::: Material shown
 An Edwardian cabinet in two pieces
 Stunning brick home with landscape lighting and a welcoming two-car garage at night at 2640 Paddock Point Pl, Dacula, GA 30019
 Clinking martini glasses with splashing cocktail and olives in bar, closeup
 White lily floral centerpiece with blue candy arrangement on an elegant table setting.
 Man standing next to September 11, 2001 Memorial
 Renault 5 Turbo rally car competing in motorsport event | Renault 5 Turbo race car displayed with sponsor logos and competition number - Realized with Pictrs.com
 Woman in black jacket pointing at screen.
::::::
::: Material shown
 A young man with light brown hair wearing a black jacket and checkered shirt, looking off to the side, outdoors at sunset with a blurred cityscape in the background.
::::::
» Problem description:
Will you return exactly the lines above from the one with "Stunning brick home" down to the one with "Man standing next", counting both as part of the range?

» Solution to this task:
 Stunning brick home with landscape lighting and a welcoming two-car garage at night at 2640 Paddock Point Pl, Dacula, GA 30019
 Clinking martini glasses with splashing cocktail and olives in bar, closeup
 White lily floral centerpiece with blue candy arrangement on an elegant table setting.
 Man standing next to September 11, 2001 Memorial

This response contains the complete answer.